Blair Ison Mann is a native of Atlanta, Georgia and has a lifelong fascination with art, an enormous love of color, and an impulse to create. She responds to nature with delight. She loves the expression of life and joy she finds in the world around us and would like to share this expression. Blair is always seeking, always searching and striving to do this in a fresh way. Her curiosity about the world and her delight in travel and exotic places certainly have helped to expand her creative activities and sensibilities.
On canvas she has worked in acrylics, oil, and mixed media. Blair has worked in pastels and with clay. She has studied painting and drawing at the High Museum of Art in Atlanta, in Paris, and in Florence, Italy. Her long term teacher and mentor was Ouida Canaday; others teachers have included Ben Smith, Debra Fritts, Bill Bohlin, Kenn Auster, Dolores Kennedy, Charles Sovek, Bob Rohm, Guido Frick, Ann Templeton, Carol Marine, Nancy Franke, Romel de la Torre, Robert Johnson, and continue to include landscape with Bill Davidson and Jim Richards, still life and figure with Maggie Siner, and figure with Kevin Beilfuss.
Blair's past works in ceramics have been shown through the Abstein Gallery in Atlanta, the Loretta Goodwin Gallery in Birmingham, Alabama, and the Main Street Gallery in Clayton, Georgia. She enjoyed much success with the very popular "face" plates at Henri Bendel in New York City. She was featured in the Lifestyle section of the Atlanta Journal/Constitution in 1997, and was the featured artist at the Trinity Schools Art Auction in Atlanta in 1998. Her work was photographed and commented upon for the 1996 Artists and Graphic Designers reference book. In 1994 her work on canvas was featured in the Atlanta Artists Association Traveling show where she won an honorable mention award.
Blair continues to study and paint in oils, in the studio and en plain air.

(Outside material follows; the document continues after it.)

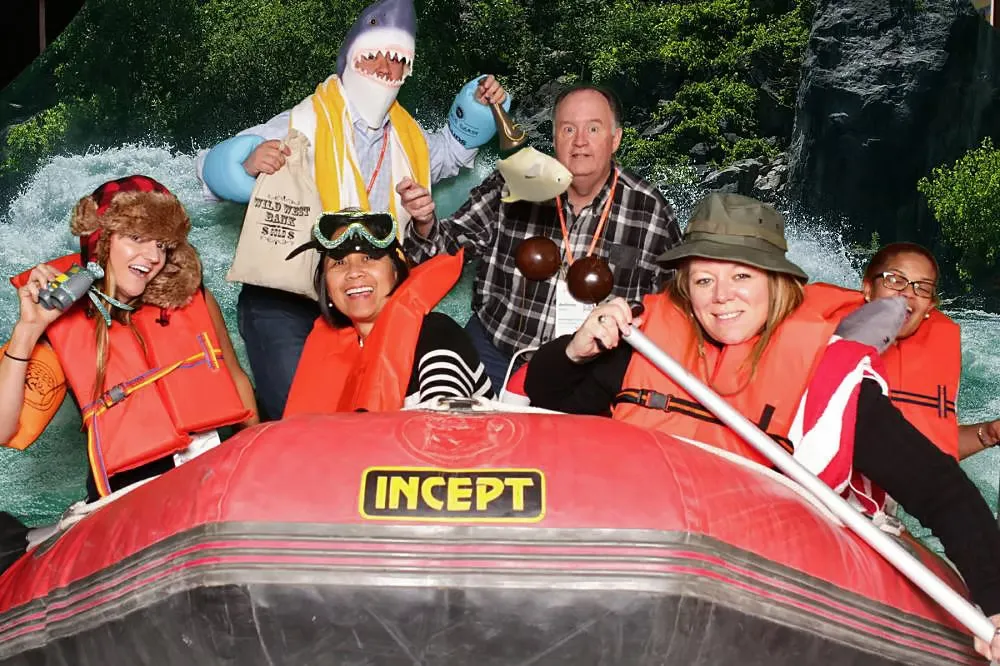 Adventure-themed photo booth with inflatable raft and props creating fun corporate event memories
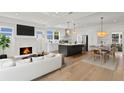 Open-concept living room boasts a fireplace, modern kitchen with stainless steel appliances, and a dining area at 1001 E New Orleans Ave, Tampa, FL 33603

For several years she has studied figure painting with Atlanta's renowned Marc Chatov. An important teacher/mentor of late has been Chris Groves from Charleston.
Her hope is to relate something of herself to other people, to bear witness to the joy and beauty and truth in life and nature. She desires to forever remain open to and be thrilled by the ongoing process of making art, to always seek and be learning, and to keep a youthful enthusiasm, though seasoned point of view in her work.